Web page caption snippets
--- START ---
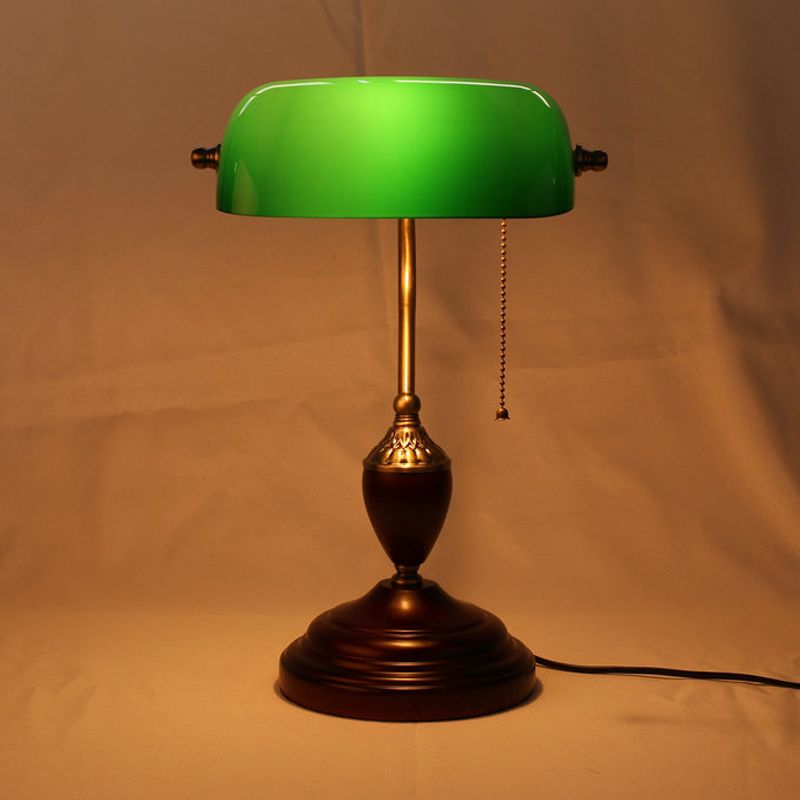 Table à 1 lampe brun rouge Éclair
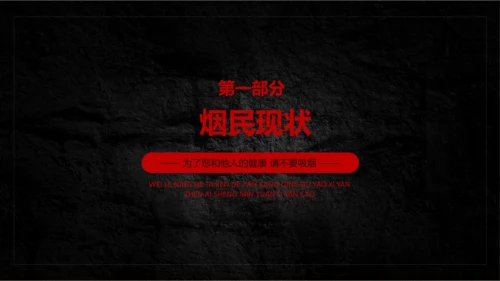吸烟有害健康世界无烟日主题教育PPT课件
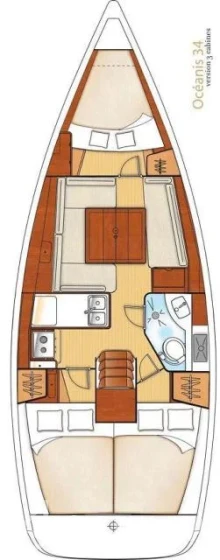 Oceanis 34 - Yacht Charter Sailica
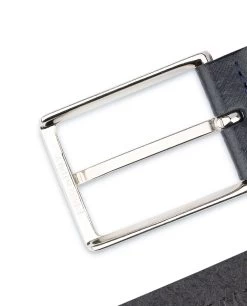 Men’s Navy Belt | Dark Blue Leather -Belt Shop Mens Navy Belt Dark Blue Leather Italian buckle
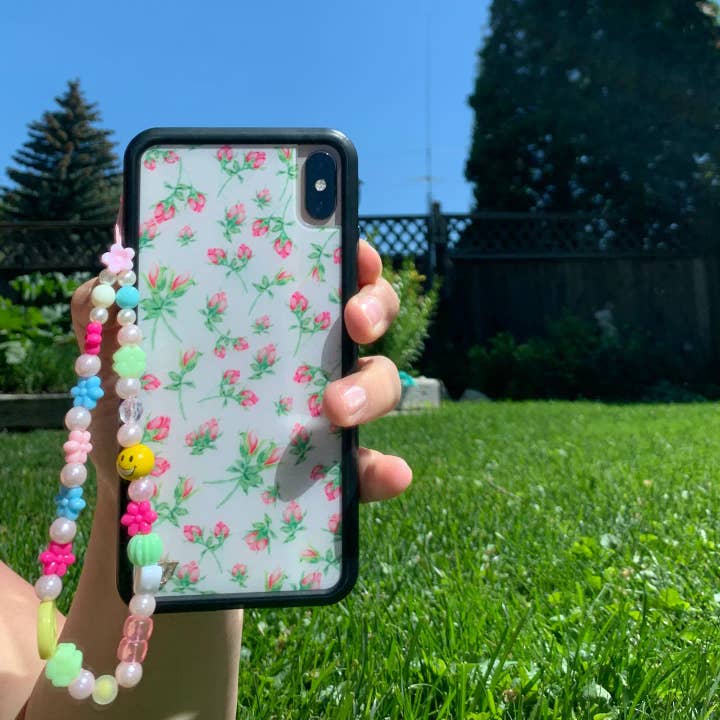 Breloque de téléphone ou de sac perlée - Garden Party pour la vente par Sunny Inside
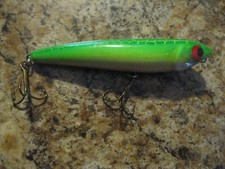 VINTAGE RARE "STI PUPFISH" TOP WATER LURE 3 1/2” CUSTOM PAINTED - EXCELLENT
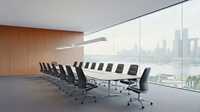 Chaise de bureau de direction en cuir noir à dossier haut, pivotante et réglable, avec appui-tête pour le travail de bureau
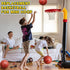 8” Water Pool Basketball Set with Pump, Replacement Ball for Basketball Hoop, PVC Waterproof Floating Toy for Summer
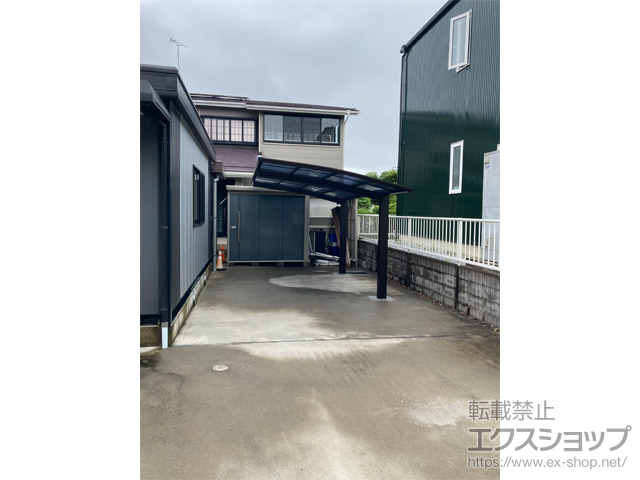 福島県須賀川市ののカーポート プレシオスポート 積雪〜20cm対応 施工例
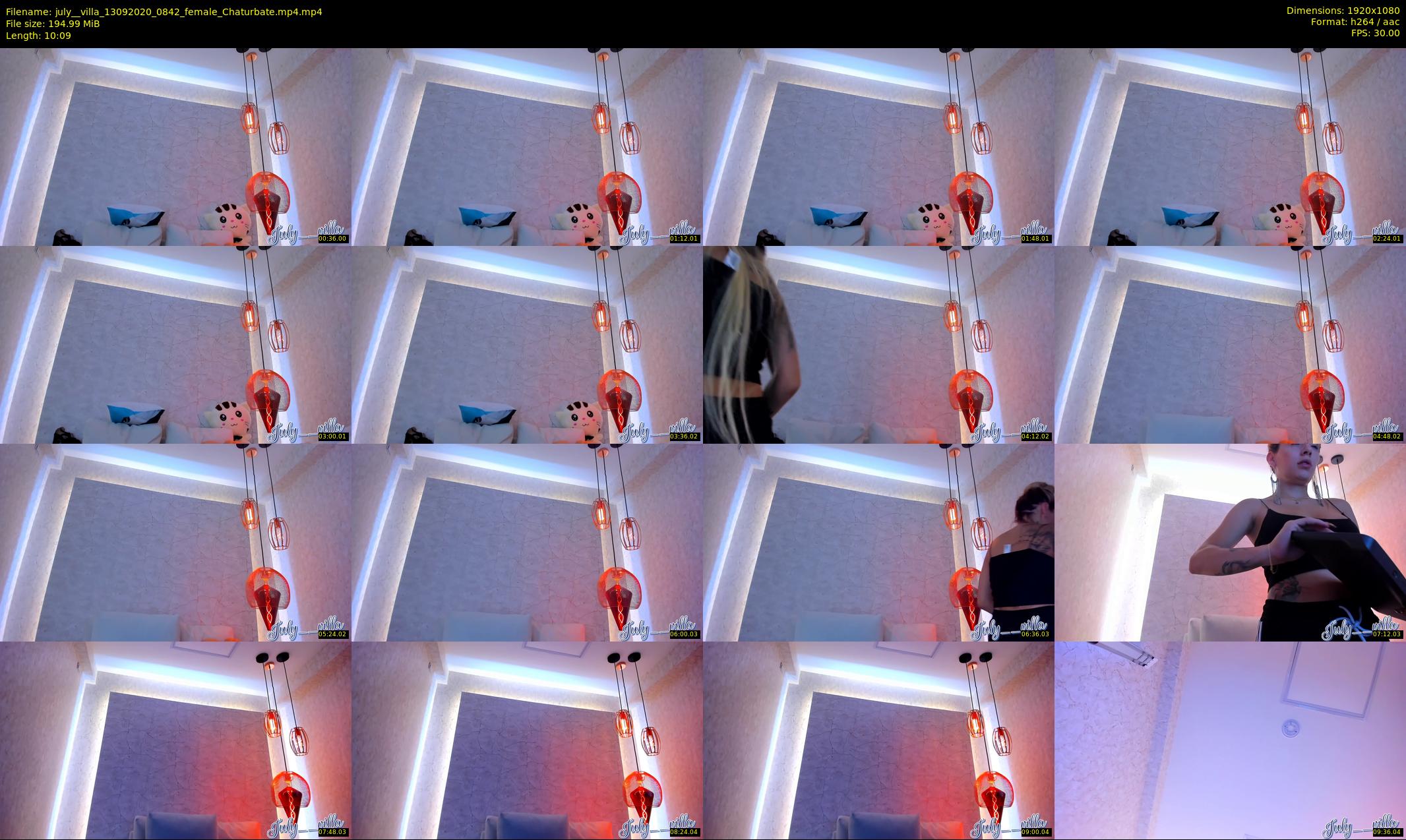 july__villa — 11 minute Chaturbate female cam show recording, 1080p, Sep 13, 2020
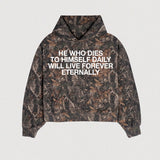 Advbridge Y2K Harajuku hoodies Oversized camouflage pattern Hip hop retro soft warm hooded sweatshirt fashionable men  women street wear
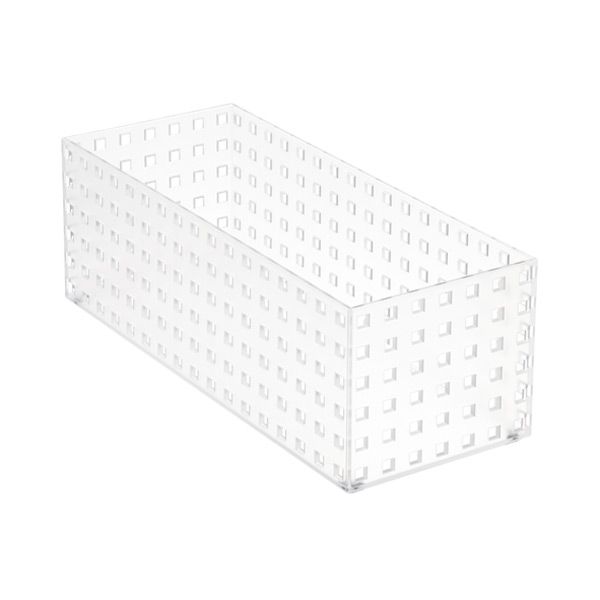 like-it Bricks 13-3/4" Medium Tall Bin Translucent | The Container Store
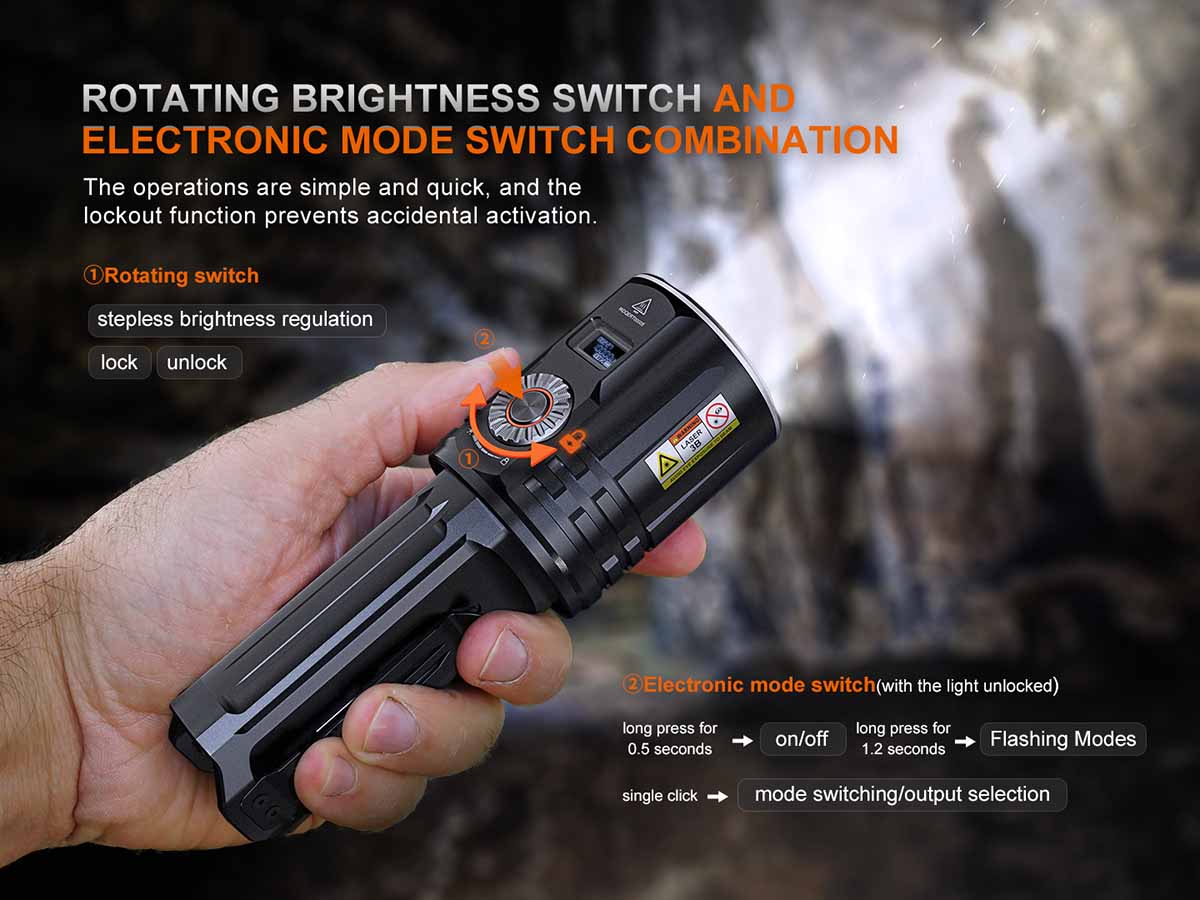 Fenix LR36R White Laser Flashlight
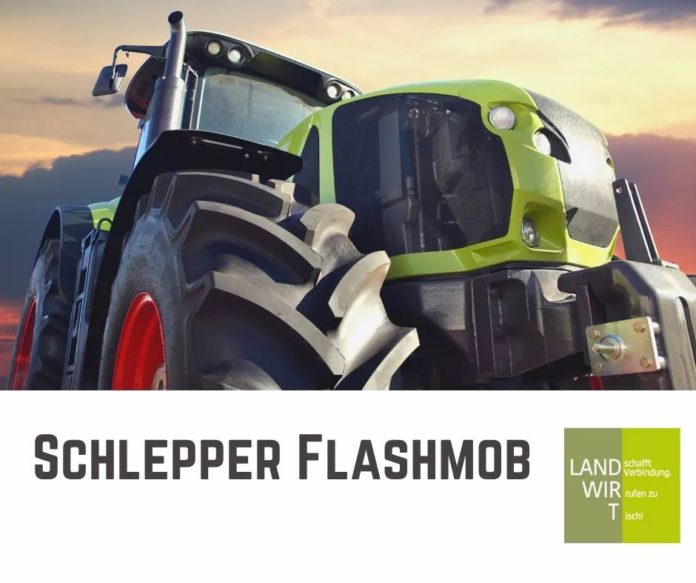 „Längste Traktorenkette der Welt“ – Landwirte protestieren in Mainz gegen neue Düngeverordnung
--- END ---
What to work on: Please print every record exactly, leaving out the pictures.

Answer box:
 Table à 1 lampe brun rouge Éclair
吸烟有害健康世界无烟日主题教育PPT课件
 Oceanis 34 - Yacht Charter Sailica
 Men’s Navy Belt | Dark Blue Leather -Belt Shop Mens Navy Belt Dark Blue Leather Italian buckle
 Breloque de téléphone ou de sac perlée - Garden Party pour la vente par Sunny Inside
 VINTAGE RARE "STI PUPFISH" TOP WATER LURE 3 1/2” CUSTOM PAINTED - EXCELLENT
 Chaise de bureau de direction en cuir noir à dossier haut, pivotante et réglable, avec appui-tête pour le travail de bureau
 8” Water Pool Basketball Set with Pump, Replacement Ball for Basketball Hoop, PVC Waterproof Floating Toy for Summer
 福島県須賀川市ののカーポート プレシオスポート 積雪〜20cm対応 施工例
 july__villa — 11 minute Chaturbate female cam show recording, 1080p, Sep 13, 2020
 Advbridge Y2K Harajuku hoodies Oversized camouflage pattern Hip hop retro soft warm hooded sweatshirt fashionable men  women street wear
 like-it Bricks 13-3/4" Medium Tall Bin Translucent | The Container Store
 Fenix LR36R White Laser Flashlight
 „Längste Traktorenkette der Welt“ – Landwirte protestieren in Mainz gegen neue Düngeverordnung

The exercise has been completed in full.